++++ Collected material ++++
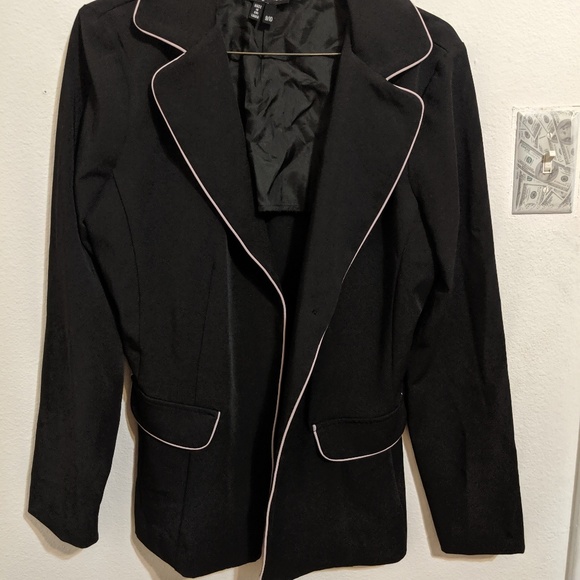 Clothes - Picture 4 of 8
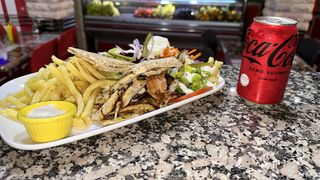 Plat shawrama + Frite + Coca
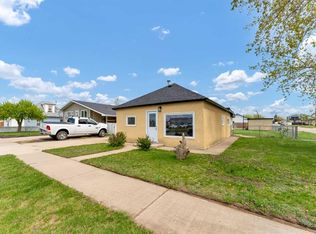 837 W Main St S, Redcliff, AB T0J2P0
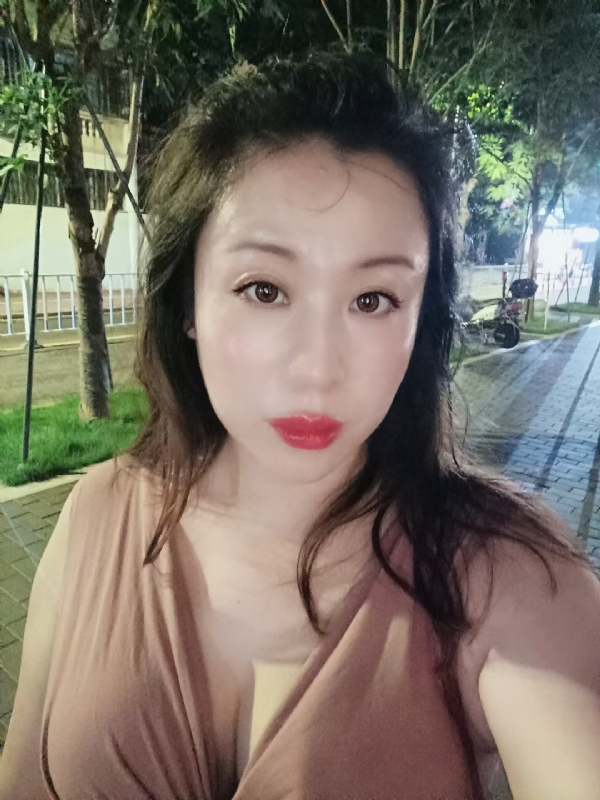 叶子青青的第一张照片--大连相亲服务中心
++++
= What the task requires =
Your copy should match the data above exactly, apart from the pictures.

= Written answer =
 Clothes - Picture 4 of 8
 Plat shawrama + Frite + Coca
 837 W Main St S, Redcliff, AB T0J2P0
 叶子青青的第一张照片--大连相亲服务中心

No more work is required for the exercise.